Sun, Feb 19, 2017 - Page 11 News List

Murray, Hield lead World over the US

GETTING HOT:The Denver Nuggets’ Jamal Murray was voted the game’s Most Valuable Player after scoring 36 points, with nine-of-14 shooting from outside the arc


The World’s Buddy Hield, center, of the New Orleans Pelicans shoots the ball over the US’ Frank Kaminsky, left, of the Charlotte Hornets in the Rising Stars Challenge at the Smoothie King Center in New Orleans on Friday.

Photo: Bob Donnan-USA TODAY

Jamal Murray and Buddy Hield each had moments when they caught the ball in the low post, only to dribble right out to the corner, turn and let fly a three-point shot.

Maybe not the most fundamental approach, but the way they were scoring in the Rising Stars Challenge, no one seemed to mind — certainly not the fans.

Murray had 36 points and 11 assists as the World squad beat the US 150-141 on Friday night.

Hield, a New Orleans Pelicans rookie, added 28 points to the delight of locals, who will want to see more of that when the regular season resumes.

“I was feeling it. I was just playing within the game, and I wasn’t trying to force it,” Murray said. “You never know when I’m going to go off... The guys were telling me to shoot it. Fans were telling me to shoot it. Guys were trying to get me open, so I was just trying to take advantage of that.”

The game featuring top rookies and second-year professionals is the main event on the first night of NBA All-Star weekend. While the final score demonstrated the sport’s global gains, both teams had their fair share of highlights.

Canadian Murray, a Denver Nuggets rookie out of Kentucky, went nine of 14 on three-pointers and was voted the game’s Most Valuable Player (MVP).

“He got hot. Coach is like: ‘Give Jamal the ball,’” Hield said. “When a guy is hot, you can’t stop him from being hot. You can’t be selfish and say: ‘OK, I want to show out.’ I want to show out and I want to get MVP, but he got hot, man. This wasn’t my time. He deserved it. When a guy’s hot, you got to give him the ball. I don’t care who it is. Hats off to him.”

Hield, a Bahamian, shot 11 of 22 overall, but just three of 12 from deep. Hield’s regular-season high is 21 points, but he has averaged fewer than nine points in an inconsistent first season out of Oklahoma.

Murray essentially sealed the game by hitting three three-pointers in a span of 49 seconds late in the game.

World coach Mike Brown said he was going to call every play for Murray, “even though we didn’t have any plays, but it was easy, because his teammates were yelling every time the other team scored it or we got a rebound, his teammates were yelling: ‘Don’t pass, Jamal!
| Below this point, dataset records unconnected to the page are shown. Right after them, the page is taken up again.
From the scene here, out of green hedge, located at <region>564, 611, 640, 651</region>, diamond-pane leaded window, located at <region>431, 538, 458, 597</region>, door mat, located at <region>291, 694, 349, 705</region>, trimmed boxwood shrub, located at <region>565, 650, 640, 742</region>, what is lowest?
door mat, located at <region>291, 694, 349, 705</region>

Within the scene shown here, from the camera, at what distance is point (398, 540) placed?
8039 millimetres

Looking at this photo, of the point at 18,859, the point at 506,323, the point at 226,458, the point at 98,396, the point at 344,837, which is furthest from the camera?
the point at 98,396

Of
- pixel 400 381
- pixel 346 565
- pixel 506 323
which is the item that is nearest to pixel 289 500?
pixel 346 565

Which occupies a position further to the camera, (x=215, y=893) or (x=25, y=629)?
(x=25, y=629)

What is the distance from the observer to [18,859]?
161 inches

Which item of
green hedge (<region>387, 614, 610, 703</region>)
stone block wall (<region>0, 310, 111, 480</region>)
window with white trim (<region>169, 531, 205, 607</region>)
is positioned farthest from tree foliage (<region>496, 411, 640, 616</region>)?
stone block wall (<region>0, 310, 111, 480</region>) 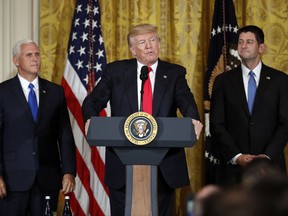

Don’t pass!’ So he took that to heart and he made some big shots for us.”

Latvian Kristaps Porzingis of the New York Knicks added 24 points.

Frank Kaminsky of the Charlotte Hornets scored 33 for the US team and Karl-Anthony Towns of Minnesota scored 24, highlighted by his dunk of Phoenix guard Devin Booker’s half-court lob.

“We didn’t come up with the win, but we had a good time out there. We had a lot of fun,” said Booker, who had 17 points. “The weekend isn’t over for me. I still have the Skills Challenge, so I’m looking forward to that.”

There was not a whole lot of defense. Both teams shot close to 60 percent and neither team was fouled enough to attempt double-digit free throws.

When the teams did not score, it was often because a brazen or flamboyant pass sailed wide of its target for a turnover.

The US had 18 turnovers, the World squad 13.

Croatian Dario Saric of the Philadelphia 76ers added 17 points for the World, outscoring his American Sixers teammate Jahlil Okafor, who had 10 points.

However, Okafor, who is reportedly on the trade block, only played 14 minutes, 34 seconds — less than any other US player — in the 40-minute contest and made the most of his shots, going five of six.